Economists, with some notable exceptions, regard us alternatives with suspicion. Radicals get irritated because we don’t think the world’s problems are absolutely hopeless, and it spoils their pessimism. What Keynes called ‘plain men’ regard our ideas as bizarre perversions of the natural order of things. Alternative economists say the current world of money is quite bizarre enough already: the idea of fractional reserve banking, for example, means that banks create most of the money we use simply by lending it – anything up to ten times the deposits which they hold as backing. This is the real ‘funny money’. ‘The process by which banks create money is so simple,’ said John Kenneth Galbraith, ‘that the mind is repelled.’
There is a traditional critique of the money system, with a pedigree that goes back via Major C. H. Douglas – the inventor of ‘social credit’ – to Abraham Lincoln, Robert Owen and William Cobbett, and it now seems to have almost completely disappeared underground, though it pops up every so often on the right and left of politics, in US militia groups, or in strange men with carrier bags who shout ‘Fraudsters!’ from the back of the hall during political meetings.
This tradition is enraged by the way banks are allowed to create money, loading us all up with unrepayable debt. They argue that only governments should be allowed to do so, and they should do it interest-free and debt-free. Both Britain and America have experimented with ideas like this to stave off a banking crash: Lincoln by printing ‘greenbacks’ during the American Civil War and Lloyd George with ‘Bradburys’ during the First World War. Both were rapidly wound up under pressure from the banks, who were afraid they would create inflation.

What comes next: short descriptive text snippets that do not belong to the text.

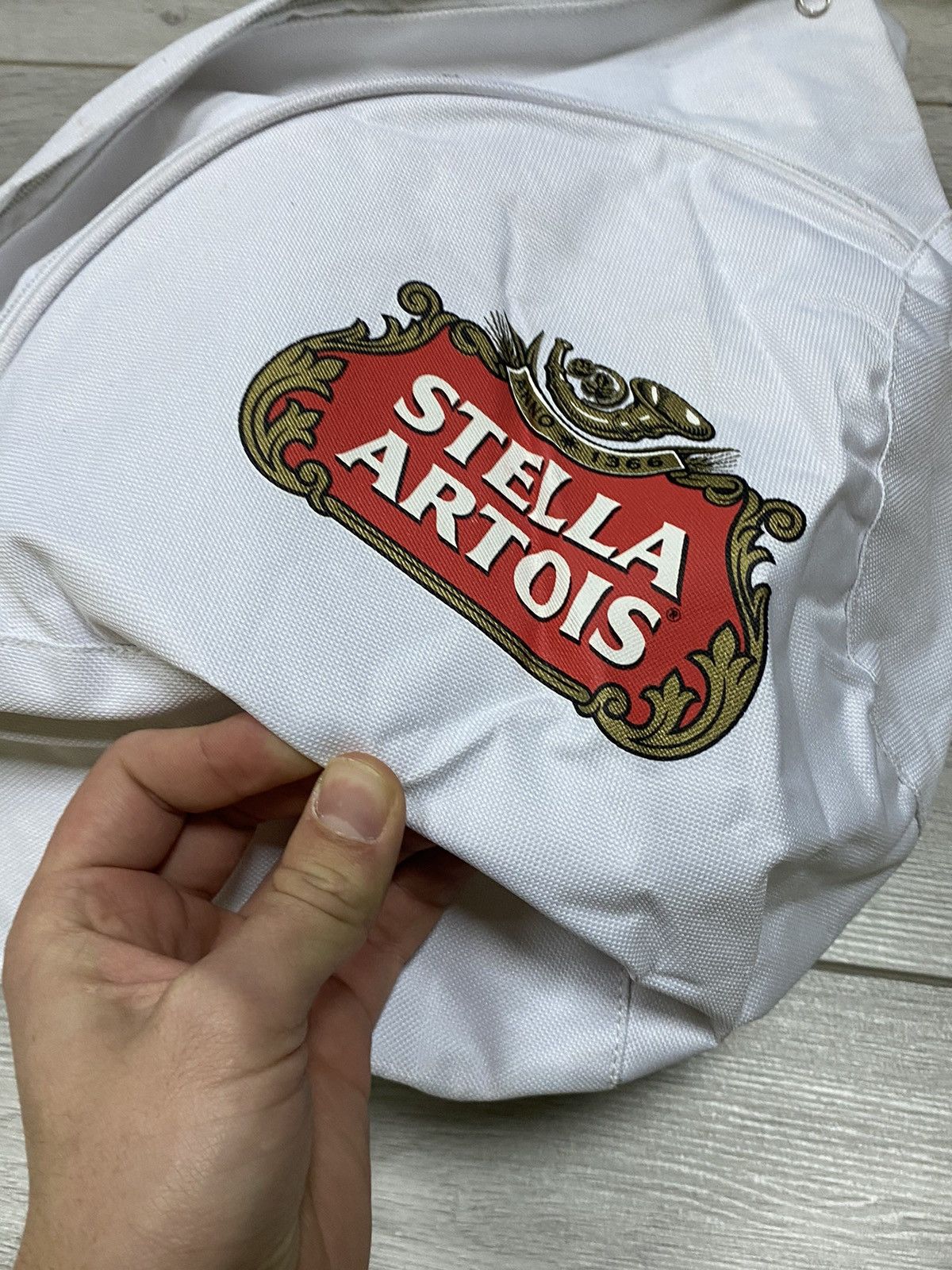 Vintage Stella Artois 🍻 beer vintage gorpcore sling bag fun Size ONE SIZE - 2 Thumbnail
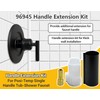 96945WR Single Handle Extension Kit Faucet Replacement,Compatible with Moen Posi-Temp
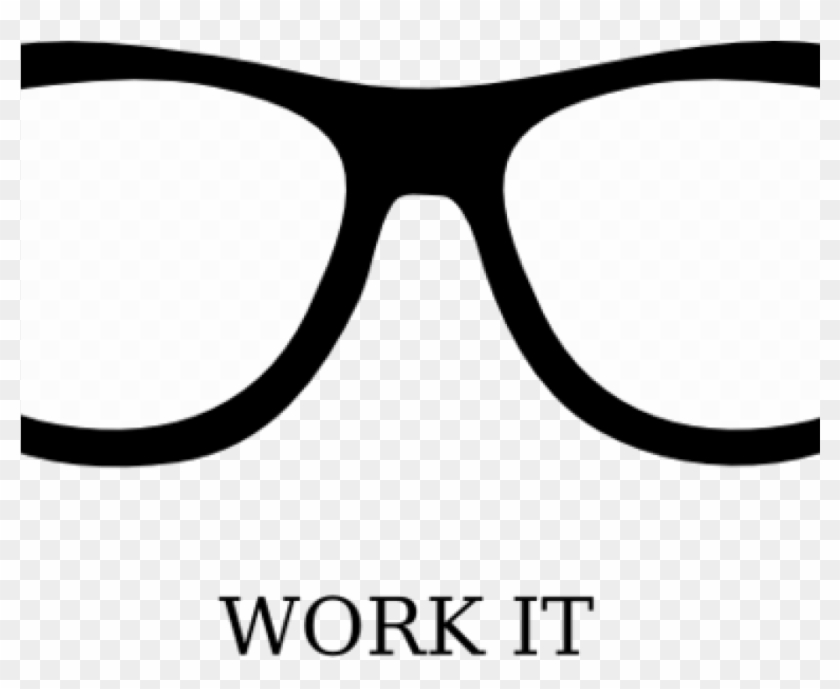 Eyeglasses Clipart Geek Glasses Clipart Free To Use - Eyeglasses Clipart Png #466546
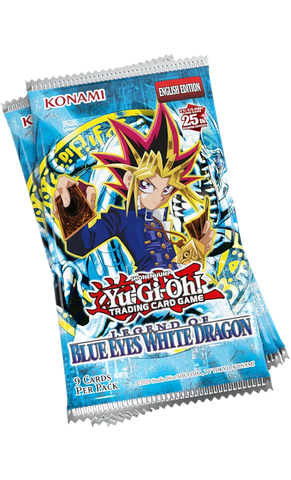 La Leggenda del Drago Bianco Occhi Blu: Busta Singola (ENG)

But there needs to be money in circulation for the wheels of the economy to keep turning, and these arguments raged on both sides of the Atlantic until a century ago. In the USA this led to the great battle between gold and silver – between reliable money backed by gold, and available money backed by the much more plentiful silver. Now these ancestral battles are all but forgotten, ridiculed out of existence by the coruscating wit of George Bernard Shaw, and shunned because so many of the people who believed in an international bankers’ conspiracy also believed it was Jewish. The changes they called for are now extremely unlikely to take place.
The issues remain, but this book is not about them – there are other people far better qualified to write about them than I am. But I do want to write about creating money, because if its creation is so simple that banks and governments can do it, we may now be entering a world where we can all do the same thing for ourselves – which is the idea behind Local Exchange and Trading Systems.